Last week while cycling out of Balbriggan, I noticed that some of the Fianna Fail election posters had the party name written in particularly small font. I wasn’t exactly ‘flying’ along, but I found it difficult to read what party these upstanding members of the community were standing for.
My earliest recollection of elections in Ireland is a mental image of an ice cream van doing the rounds of a housing estate in Drumcondra, with pictures of Charlie Haughey posted on the side of the van. Looking back, it was kind of like a scene from a Roddy Doyle story. The van was playing ridiculous ice-cream-van-music that was interrupted occasionally with a hiss and a few crackles, and maybe the odd “Testing, one, two, three!” before someone shouted out a “Vote Charlie” slogan, viva Zapita and all that. T-shirts and sweets were handed out to aid the impact of the message.

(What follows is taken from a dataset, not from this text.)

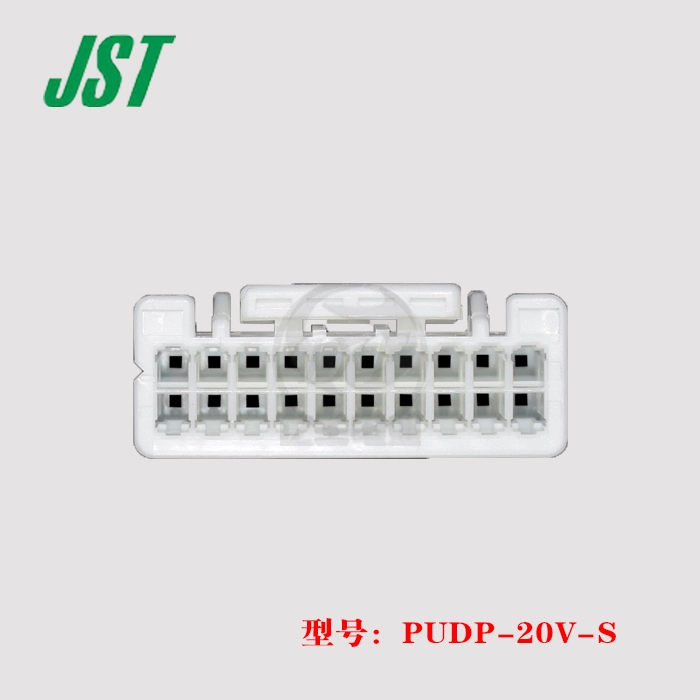 JST PUDP-20V-S pitch 2.0 20P đầu nối đầu cắm chính hãng còn hàng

How things have changed ... or have they? It must be confusing for older generations who looked up to the local priests, bank managers, publicans or politicians, all of whom have fallen from their lofty heights in society. It’s probably a bit unfair to include publicans in that group, but with the smoking ban and reduced sales, I suppose they are feeling a bit of hurt too...
Back to the bike, and during my journey through three voting constituencies I gazed at election posters in a different light, wondering what messages the politicians were trying to convey. Those from the ruling parties were distancing themselves from their clans, with huge font variations (resulting in tiny fonts). Gormley was no longer fully Green: he had gone pink ... with just a splash of green. The “Green Party” wasn’t exactly figuring prominently on their posters, just like the Fianna Fail ones.
Sinn Fein had the largest proportion of their posters taken up with the party name, with Fine Gael and Labour having slightly smaller fonts. Sinn Fein, like the Greens, had to remind the electorate to “Vote No 1” for their party leader.
As I drew nearer to the City Centre, I noticed the sharp increase in Eamon Gilmore’s posters: they were everywhere, in different shapes and sizes. Some were the usual Labour Party style: others read Le Chéile (together). Just the odd Kenny and Martin to break up the gazillion gazes of Gilmore...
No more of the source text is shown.